The Loop is a section of railroad track near the top of a 4000-ft pass linking Bakersfield and the produce of the Central Valley with Los Angeles and the rest of the country. Built in 1876 with the help of over 3,000 Chinese laborers, this section of rail line is a major pillar of California’s economy – averaging over 36 freight trains a day.
Trains are an efficient form of transportation, but crossing mountains is never easy. The Loop was conceived for a section of grade that was too steep for the track to just snake back and forth. Instead, the ground was reshaped so that the track rises more gently and circles over itself after passing through a tunnel. This section is roughly eight miles west of the Tehachapi depot at the summit.
We had passed the turnoff for Tehachapi every time we went to the Sierras. The Loop was only 35 miles from us as we drove through Bakersfield on our way to Yosemite, and only 29 miles away as we drove through Mojave on our way to Mammoth, but there were so many reasons why a detour was never feasible on our family vacations. The only thing to do was make a dedicated trip. As is often the case, our weekend exploration brought surprises and rewards. A little road trip music (Dwight)

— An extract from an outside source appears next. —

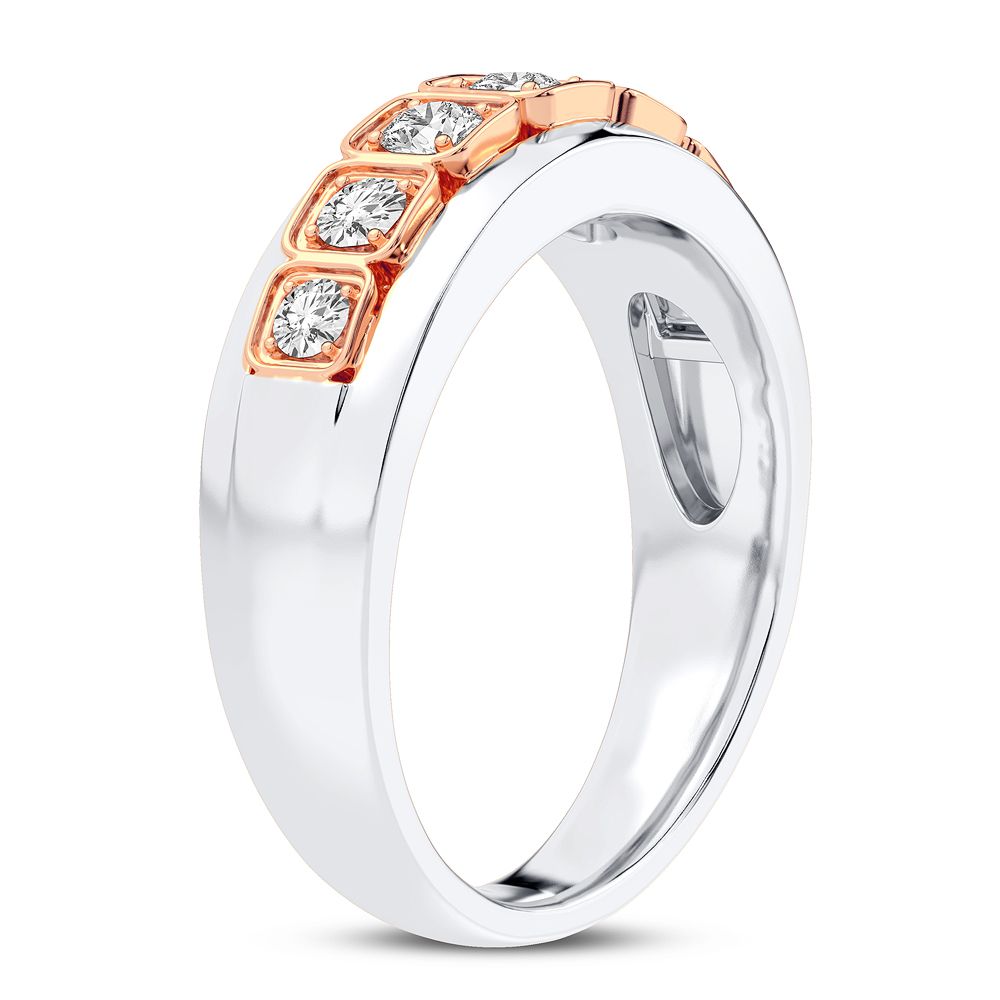 Sophisticated 14K White Gold Lab Diamond Mens Statement Ring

We also pondered the irony that this was the terrain where former Governor John Gately Downey’s wife Maria died in a tragic train accident in January in 1883. Downey was a leading figure in the transition of Los Angeles from sleepy pueblo to growing commercial center. He campaigned hard for rail connections that would expand the southern economy, and he presided over the celebration when final golden spike was driven in this rail route linking San Francisco to Los Angeles. His wife’s death was a cruel trick of fate, given Downey’s vision and influence.
The Tehachapi Loop
We approached Tehachapi via Hwy 58 (a beautiful drive) from Bakersfield so we would have some idea of the climb made by the freight trains. Our destination was the lookout point on the Woodford-Tehachapi road where people watch the freight trains (sometimes a mile in length) loop over themselves as they chug along. If a train is long enough you will see the engine and most cars traverse the entire circle while the end of the train is still going through the tunnel. The best view is higher up a hill and reached by a dirt road closed to vehicles. I was willing to trespass if we had to, but a hand-lettered sign on a chain invited train fans to hike in.

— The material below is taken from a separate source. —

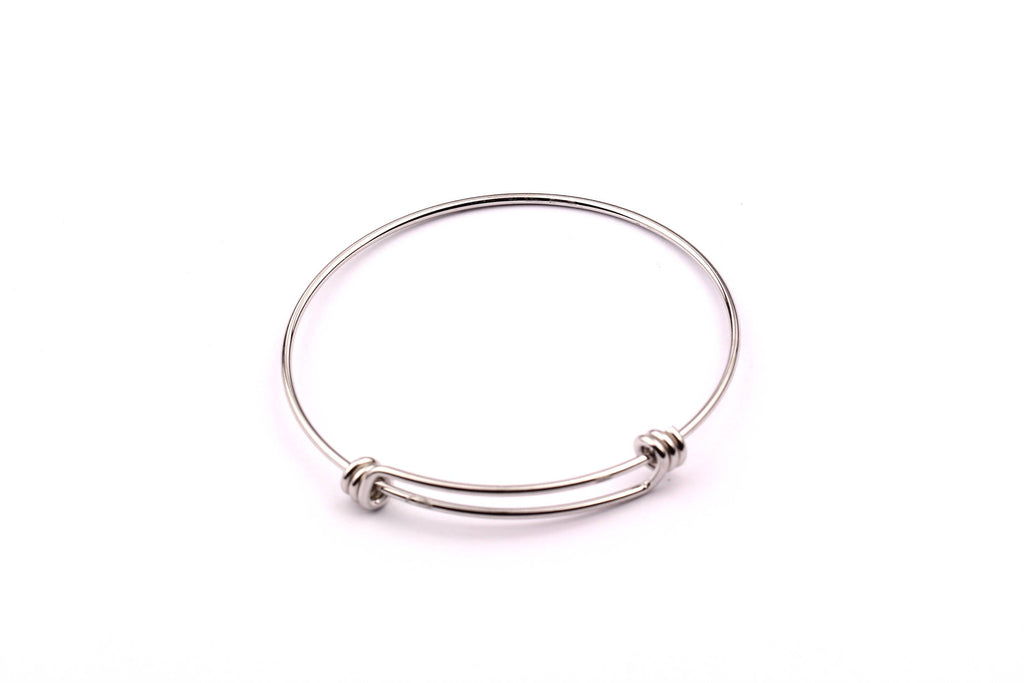 Adjustable Bangle Bracelet - Stainless Steel Bracelet - Two Loops - Expandable Wire Bangle For Charms - Jewelry Supplies - 60x1.6mm - SS1002 - DOMEDBAZAAR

A plaque at the lookout point acknowledges the contribution of the Chinese laborers to the construction of this iconic section of track. The disciplined and organized Chinese worked under their own leaders, crushing rock, digging tunnels, and dying in double-digit numbers from terrible accidents.
What’s not on the plaque is that in 1882, when all of the major railroads linking the Pacific coast with the Atlantic were completed, Congress passed the shameful Chinese Exclusion Act. Given today’s political climate, the plaque is a sobering reminder that, despite our country’s goals of equal opportunity, we continue struggling to do the right thing.
We heard that the trains run often but with no certain schedule – the high volume of freight requires frequent maintenance – so we took our chances and hoped that the track was open. We arrived on a Sunday and found the tracks empty. We stayed two nights in Tehachapi (actually a great place) and it took us three visits to the Loop (30 minutes via backroads from town) before we saw the trains.